Have you ever saved someone due to translation issues? I guess it is possible, but maybe not life or death. Let me share a story about how this could possibly happen.

My husband was a truck driver learning French with his weekly trips to Quebec. He had been learning the basics of reading signs, menus, and taking directions. All the everyday things that a truck driver would require on the road. I still remember the time he came home excited that he had saved some lives earlier that day in a remote restaurant. Originally I was horrified until ai heard the story.

He came home from his regular trip exhausted, but excited at a task he had been able to handle earlier in the day. He had taken a trip deeper into Quebec than normal to fill in for a colleague and found himself in Northern Quebec. He was sitting in a small restaurant and had just finished his meal when two people sat at a table near his.

The waitress asked the two men what they wanted to drink and they managed to squeak out coffee and then she went away leaving the menus with the men. When she returned with the coffee she began to take their orders. As the menus were in French they were unable to tell the waitress their order. This is where my husband stepped in. He asked the men what they wanted and then proceeded to tell the waitress in French what the men had ordered. He was extremely excited to have learned enough French that he was able to help someone else.

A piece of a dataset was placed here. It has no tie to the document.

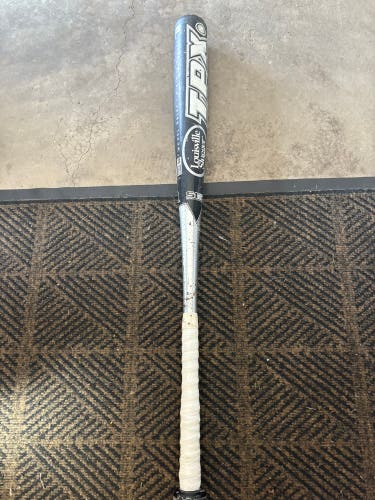 2012 Louisville Slugger Tpx z1000 BBCOR Certified Bat (-3) 30 oz 33" (Used)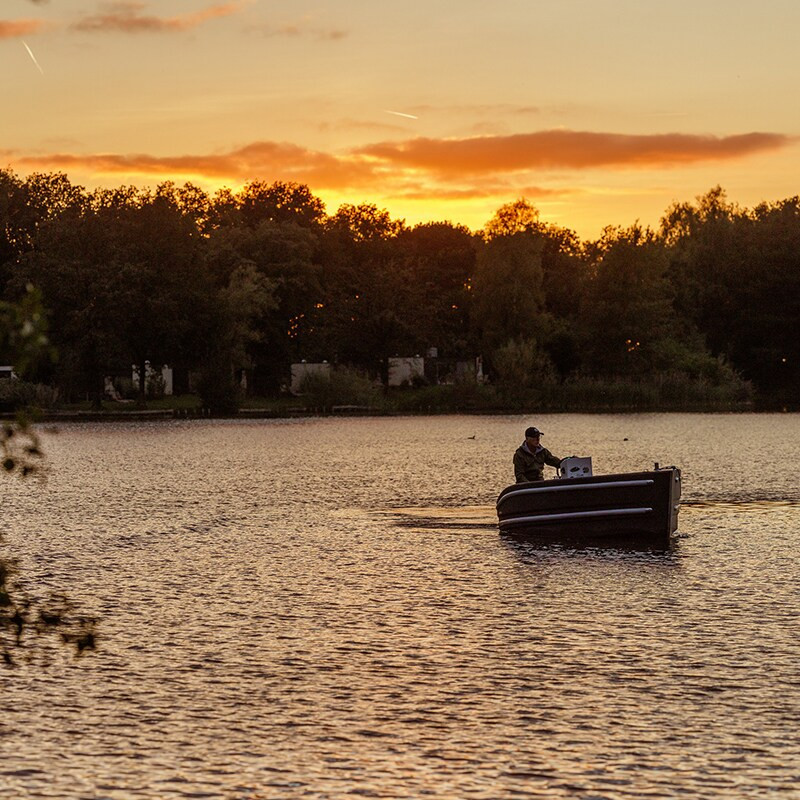 Center Parcs De Huttenheugte-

Was it life and death? Probably not, but his defence is that the men may have died if they didn’t eat any food, that’s the life and death part. The two men were going hunting in the area and were from New York State. My husband felt comfortable in what he ordered, but he also said he left before their order arrived so he hoped they got what they wanted. Translation may not be life and death stuff, but there are two men eating because of it. If you’re a hunter learn your French!

About the Author

Carmen Outridge owns Outridge Translation Services offering English to French translation services for those operating in the Province of Quebec. She has been in the translation industry for over 30 years and is from the Province of Quebec. If you have documents you need translated then visit www.outridgetranslation.com and have your translation completed the way Quebec expects it.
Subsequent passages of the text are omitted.